Stoke Junction Halt
On 14th May 1932, the Southern Railway (SR) opened a 1¾-mile-long single-track branch line to Allhallows-on-Sea, upon the Hoo Peninsula in North West Kent. The branch had been authorised in June 1929, construction started in August 1931 (ref: The Railway Magazine, March 1933), and it joined the 1882 Hoo Junction to Port Victoria line 9¾-miles east of the former. The point of divergence of Port Victoria and Allhallows-on-Sea routes was named "Stoke Junction", which had until that time been the location of a level crossing, gate box, crossing keeper’s cottage, and a siding on the southern side of the line.
A station by the name of "Stoke Junction Halt" came into passenger use two months later than the branch line to Allhallows-on-Sea, on 17th July 1932, at the start of the SR’s summer timetable. A single platform constructed from standard prefabricated concrete components, 120-feet-long, was erected on the northern side of the single-track line, west of the level crossing and junction, and upon this was situated a small timber waiting shelter. The SR replaced the existing gate box with a then new signal box that was equipped with tablet instruments (ref: The Railway Magazine, March 1933); a passing loop was provided beyond the junction on the Allhallows-on-Sea branch, and the existing siding — which, based on period maps, dated from the earliest years — was retained. Two trains daily in either direction were maintained to Grain Crossing Halt and Port Victoria after the opening of the Allhallows-on-Sea branch.
The section of line between Stoke Junction and Port Victoria was worked on the key token signalling system. Effective from Sunday, 2nd September 1951, this section was cut back to a then new station at Grain, opened that day and situated 400-yards east of Grain Crossing Halt, the latter of which it replaced. Between Grain station and Port Victoria, the existing single-track line was converted into a siding (ref: British Railways, Southern Operating Area, Signal Instruction No. 1, 1951). Port Victoria had officially closed to passenger traffic as and from 11th June of the same year (ref: Clinker's Register, 1980).
By May 1960, the local press was reporting on proposals by the Transport Commission to withdraw passenger services between Gravesend (Central), Allhallows-on-Sea, and Grain. In November of the following year, formal adverts were placed by British Railways’ Southern Region in local newspapers, stating that the last passenger trains between those stations would run on 3rd December 1961. Closure to passengers was effective from the following day, and ten passenger stations went out of use: Grain, Allhallows-On-Sea, Stoke Junction Halt, Middle Stoke Halt, Beluncle Halt, Sharnal Street, High Halstow Halt, Cliffe, Uralite Halt, and Denton Halt. The last of those stations named had the distinction of being located upon the electrified North Kent Line and only being served by steam-hauled trains.

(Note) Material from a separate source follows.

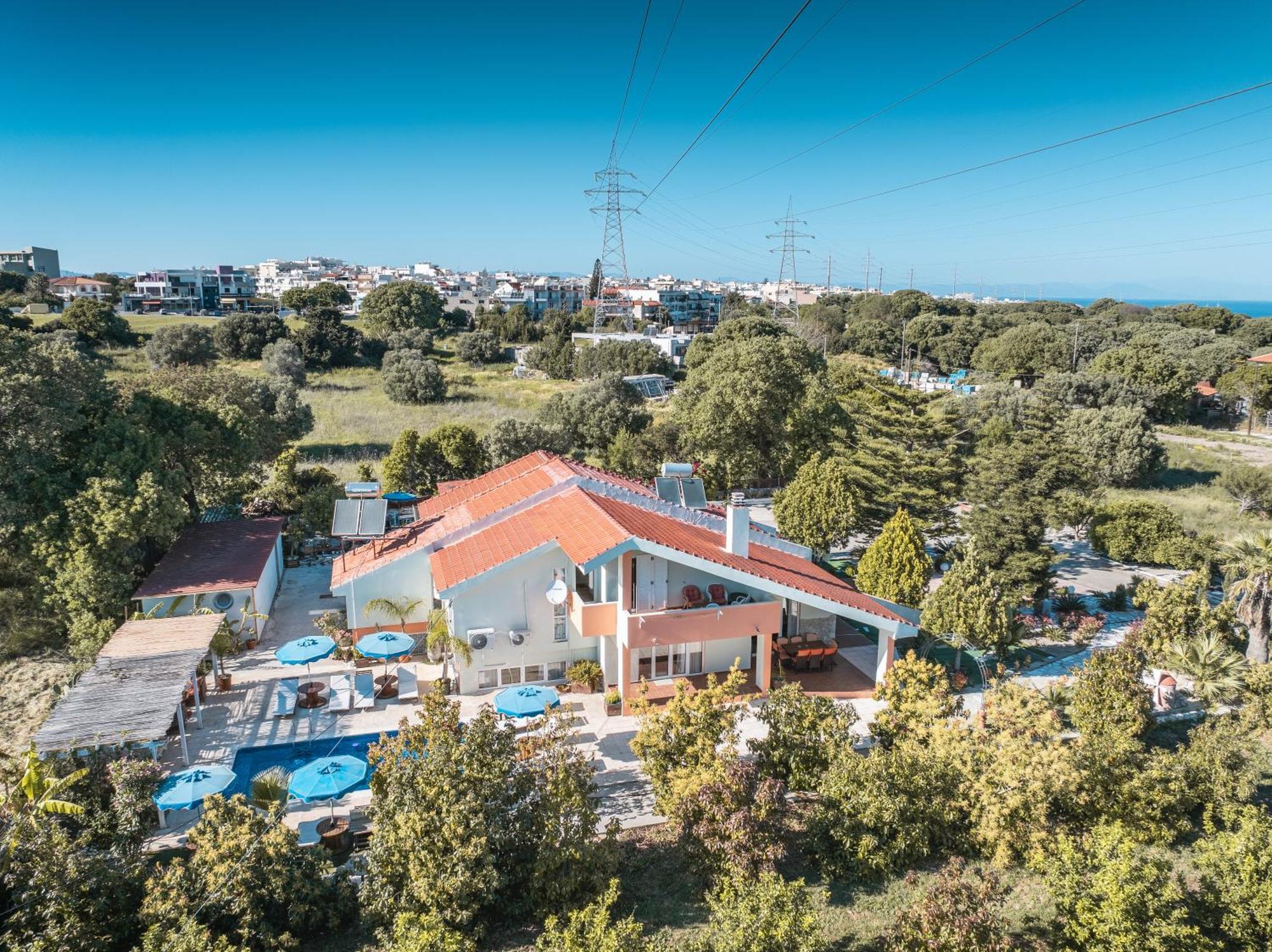 Artzy Villa Rhodes City Kültér fotó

The Signalling Record Society’s Signal Box Register (Volume 4, Southern Railway Register Section A14: Hoo Junction to Port Victoria) indicates that the signal box at the former Stoke Junction closed on 4th December 1966. The same source suggests that this was the original cabin from 1882 although, as earlier mentioned, The Railway Magazine of March 1933 indicates that the SR provided a new signal box in 1932. The level crossing was eventually bypassed by the road after completion of a bridge over the railway in 2011.
20th November 1961
An eastward view has Stoke Siding, which dated from the line’s earliest years, in the right foreground, flanked on one side by stacks of coal and equipped with a loading gauge. The signal box can just be glimpsed emerging from behind the van in the background. To the left of the van can just be seen the gates of Stoke Level Crossing, beyond which is the junction between Allhallows-on-Sea and Grain branches. Continuing in the left background is the roof of the crossing keeper’s cottage and, finally, the prefabricated concrete platform of Stoke Junction Halt. Unlike the other halts along the branch from Hoo Junction that were rebuilt wholly in prefabrication concrete, Stoke Junction retained a timber waiting shelter for its entire career.